The ambisonics representation can be provided from the ambisonics module 104 to a decomposition module 106. The module 106 is configured for decomposing the ambisonics representation into a mono channel and multiple source channels. For example, matrix multiplication can be performed in each frequency bin of the soundfield representation. The output of the decomposition module 106 can be provided to an encoding module 108. For example, an existing coding scheme can be used. After encoding, the encoded signal can be stored, forwarded and/or transmitted to another location. For example, a channel 110 represents one or more ways that an encoded audio signal can be managed, such as by transmission to another system for playback.

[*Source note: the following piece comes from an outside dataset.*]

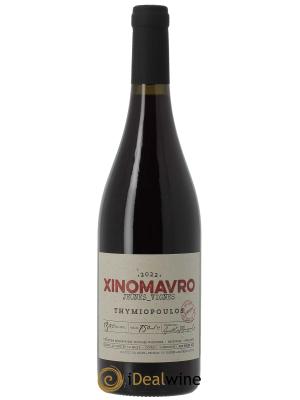 Naoussa Thymiopoulos Jeunes Vignes de Xinomavro
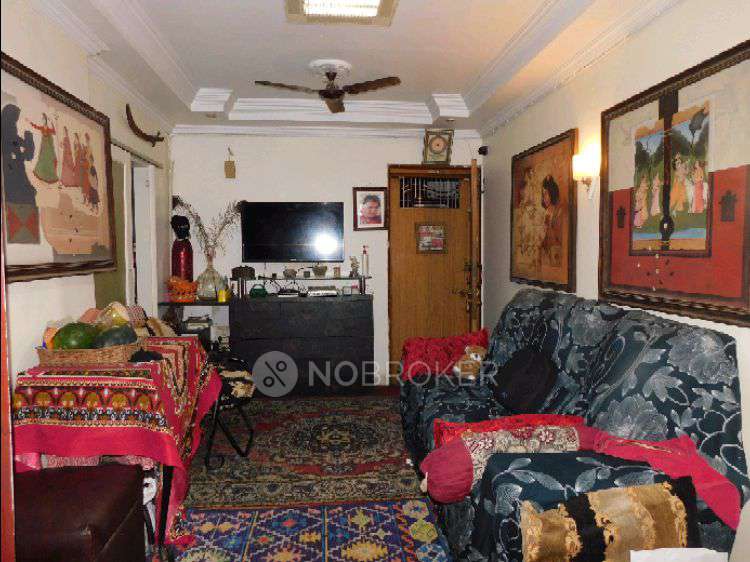 1 BHK Flat In Ashirwad Chs For Sale  In Kopar Khairane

When the audio of the encoded signal should be played, a decoding process can be performed. In some implementations, the system 100 includes a decoding module 112. For example, the decoding module can perform operations in essentially the opposite way than in the respective modules 104, 106 and 108. For example, an inverse transform can be performed in the decoding module that partially or completely restores the ambisonics representation that was generated by the module 104. Similarly, the operations of the decomposition module 106 and the encoding module 108 can have their opposite counterparts in the decoding module 112. The resulting audio signals can be stored and/or played depending on the situation. For example, the system 100 can include two or more audio playback sources 114 (including, but not limited to, loudspeakers) to which the processed audio signal can be provided for playback.

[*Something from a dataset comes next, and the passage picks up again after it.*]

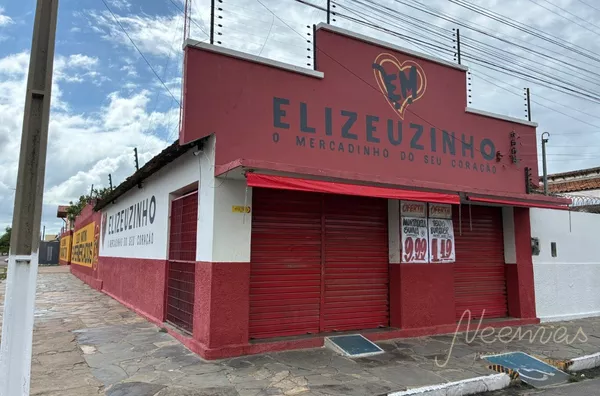 Sala comercial térrea para venda,  Bebedouro, Parnaíba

In some implementations, the soundfield representation is not associated with a particular way of playing out the audio description. The soundfield description can be played out over a headphone, and the system can then compute what should be rendered in the headphones. In some implementations, the rendering can be dependent how the user turns his or her head. For example, a sensor can be used that informs the system of the head orientation, and the system can then cause the person to hear the sound coming from a direction that is independent of the head orientation. As another example, the soundfield description can be played out over a set of loudspeakers. That is, first the system can store or transmit the description of the soundfield around the listener. At the rendering system, a computation can then be made what the individual speakers should produce to create the soundfield around the listener's head, or the impression of that soundfield around the head. That is, the soundfield can be a definition of what the resulting sound around the listener should be, so that the rendering system can process that information and generate the appropriate sound to accomplish that result.

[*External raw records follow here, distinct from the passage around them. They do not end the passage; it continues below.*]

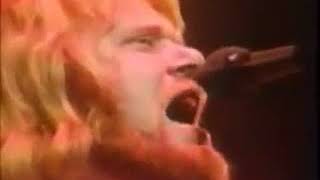 BTO Live Vancouver 1975 "Let It Ride"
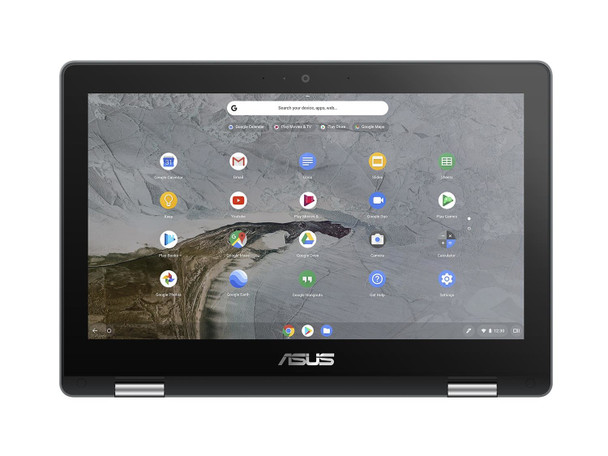 Asus NB C214MA-QS2-CB 11.6 N4000 4GB 64GB Chrome OS Dark Grey Retail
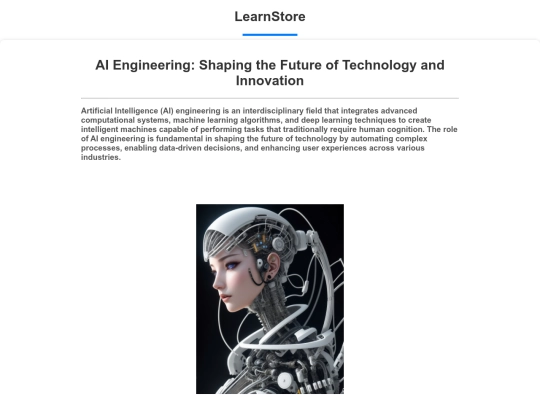 LearnStore/Ai study/AI_ENGIREERING screenshot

Coding of an audio signal may not, however, be a perfect process. For example, noise can be generated. In some implementations, it may be preferable to have as much noise as possible, as long as the noise is not perceptible to the listener. Namely, the more noise that is generated, the lower is the bitrate. That is, the system can seek to be as imprecise as practically possible to lower the number of bits that it needs to use to transmit the signal.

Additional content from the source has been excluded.